We’re nearly there, but have one more step to consider. The signals we’ve mentioned so far do a good job detecting most direct, immediate harm, like active harassment or bullying. But what about more insidious harms? For instance, what about a closed group of friends...plotting a violent hate crime against those with a different skin color? Or a conversation without any emotional outbursts or offensive language...but which is a one-on-one between a preteen girl and a much older man, and which contains just enough discussion of the child’s family life to be concerning? Or what about someone simply describing their attempts at self-harm, hinting at a need for help but without anyone responding to support them? The direct harm from these conversations may only manifest clearly much later - and by then, the damage has all too often already been done. So ToxMod attempts to mitigate this by building additional signals around behavioral patterns common among these types of offenders or victims. This includes recognizing that the would-be predator has been speaking in repeated one-on-ones with younger participants, and constantly asking them to switch platforms; noticing that the player considering self-harm is escalating the intensity of their comments; or recognizing when the difference between a (still bad) one-off racist comment, and a group that is amplifying each others’ sense of rage or entitlement. These situations are also often much more complex than more direct harms, and require subtler intervention, so Modulate is working closely with our studio partners to explore softer ways to engage in these situations - such as surfacing support materials to someone considering self-harm, or pointing potential grooming victims towards safer communities of friends even if it’s not yet clear whether the adult in the conversation could actually be a predator.

Combining all of these factors together, ToxMod truly does have the ability to comprehend nuance and complexity in conversations in a way that’s never been seen before - not in text, where the lack of emotion makes it difficult even for humans to understand what’s really intended, and certainly not in voice, where we’ve had to design new ways to process this data cost-effectively and reliably. But it’s also important to acknowledge that, even with all of these tools at its disposal, ToxMod is still imperfect. Language is ever-evolving, especially in realms like gaming - even if ToxMod could catch every single offense today, tomorrow folks will find a new way to insult each other. So the last piece of the puzzle for ToxMod is how we put all those signals together into behavioral models which can actually learn and evolve to keep up with the changes in vocabulary.

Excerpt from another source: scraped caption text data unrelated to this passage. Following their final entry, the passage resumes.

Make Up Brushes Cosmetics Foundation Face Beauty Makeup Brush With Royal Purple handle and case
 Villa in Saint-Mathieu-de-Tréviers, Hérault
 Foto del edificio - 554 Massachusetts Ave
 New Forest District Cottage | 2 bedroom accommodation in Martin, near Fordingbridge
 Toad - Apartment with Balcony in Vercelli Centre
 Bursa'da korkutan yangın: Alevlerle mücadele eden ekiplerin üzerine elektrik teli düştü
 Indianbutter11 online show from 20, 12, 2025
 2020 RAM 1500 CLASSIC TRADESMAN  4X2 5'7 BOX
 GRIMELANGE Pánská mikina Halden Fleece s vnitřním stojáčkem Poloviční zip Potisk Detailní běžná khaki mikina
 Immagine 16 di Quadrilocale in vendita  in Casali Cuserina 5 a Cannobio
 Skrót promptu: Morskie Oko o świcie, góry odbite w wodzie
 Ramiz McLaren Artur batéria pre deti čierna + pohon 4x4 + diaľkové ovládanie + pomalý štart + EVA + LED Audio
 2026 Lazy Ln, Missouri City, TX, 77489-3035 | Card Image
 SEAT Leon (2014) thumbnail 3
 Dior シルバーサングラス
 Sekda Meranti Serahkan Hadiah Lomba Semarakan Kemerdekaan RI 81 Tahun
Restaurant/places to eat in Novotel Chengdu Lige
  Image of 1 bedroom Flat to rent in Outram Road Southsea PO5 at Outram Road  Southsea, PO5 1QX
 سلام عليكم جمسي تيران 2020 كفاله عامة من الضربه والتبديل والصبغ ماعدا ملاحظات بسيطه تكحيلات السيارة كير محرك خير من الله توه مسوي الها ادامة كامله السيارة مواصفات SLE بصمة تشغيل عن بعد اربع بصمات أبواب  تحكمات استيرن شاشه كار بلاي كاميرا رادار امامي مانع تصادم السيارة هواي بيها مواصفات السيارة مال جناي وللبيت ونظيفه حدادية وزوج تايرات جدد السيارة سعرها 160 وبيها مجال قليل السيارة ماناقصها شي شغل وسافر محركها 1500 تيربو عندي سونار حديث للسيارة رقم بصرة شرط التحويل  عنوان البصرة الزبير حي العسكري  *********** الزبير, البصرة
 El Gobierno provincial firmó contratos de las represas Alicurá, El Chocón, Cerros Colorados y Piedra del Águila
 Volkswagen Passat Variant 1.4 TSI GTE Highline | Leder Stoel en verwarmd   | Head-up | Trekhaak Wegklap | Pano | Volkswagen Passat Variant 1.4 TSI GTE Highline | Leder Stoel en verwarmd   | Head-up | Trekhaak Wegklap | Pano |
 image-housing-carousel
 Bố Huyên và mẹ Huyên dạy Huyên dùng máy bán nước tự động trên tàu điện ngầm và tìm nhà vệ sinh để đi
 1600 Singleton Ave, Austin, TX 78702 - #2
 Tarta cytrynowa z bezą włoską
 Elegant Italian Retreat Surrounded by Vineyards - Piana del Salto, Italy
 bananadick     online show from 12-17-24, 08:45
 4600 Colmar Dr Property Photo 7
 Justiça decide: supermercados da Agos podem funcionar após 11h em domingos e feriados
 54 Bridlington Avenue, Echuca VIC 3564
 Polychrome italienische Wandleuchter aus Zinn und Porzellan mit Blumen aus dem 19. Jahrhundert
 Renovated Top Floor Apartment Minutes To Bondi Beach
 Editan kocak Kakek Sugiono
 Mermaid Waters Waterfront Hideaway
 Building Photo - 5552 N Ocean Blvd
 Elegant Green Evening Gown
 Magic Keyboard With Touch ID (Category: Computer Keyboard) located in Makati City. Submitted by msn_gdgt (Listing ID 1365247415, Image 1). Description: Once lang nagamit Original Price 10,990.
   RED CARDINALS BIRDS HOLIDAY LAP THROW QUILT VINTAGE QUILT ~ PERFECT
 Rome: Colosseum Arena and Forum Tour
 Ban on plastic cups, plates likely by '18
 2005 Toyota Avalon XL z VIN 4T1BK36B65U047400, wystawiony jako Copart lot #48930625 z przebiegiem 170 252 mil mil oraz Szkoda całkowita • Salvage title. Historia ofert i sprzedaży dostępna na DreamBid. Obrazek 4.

The beauty of this is that the solution is, in some ways, built into the problem. ToxMod flags potential offenses to the attention of a studio’s moderators, who make the decision about whether the situation truly requires intervention. What this means is that the moderators are constantly providing ToxMod with a steady stream of real feedback about what counts as problematic today, even if that’s new since yesterday. What’s more, as players report offenses that ToxMod may have missed, our studio partners can also share that context with us to keep ToxMod aware of new offensive patterns. We also augment this with a team of real people at Modulate who constantly provide additional feedback to our AI system and re-check how its models are doing.

When a studio deploys ToxMod, they aren’t just grabbing a hammer out of a toolbox. ToxMod, and our team at Modulate that is constantly working to improve it, is more akin to a general contractor. It understands the whole landscape, adjusts its process to your unique situation - and over time combines all of its tools just right, to build a safer space for you and your community that will stay that way for a long, long time.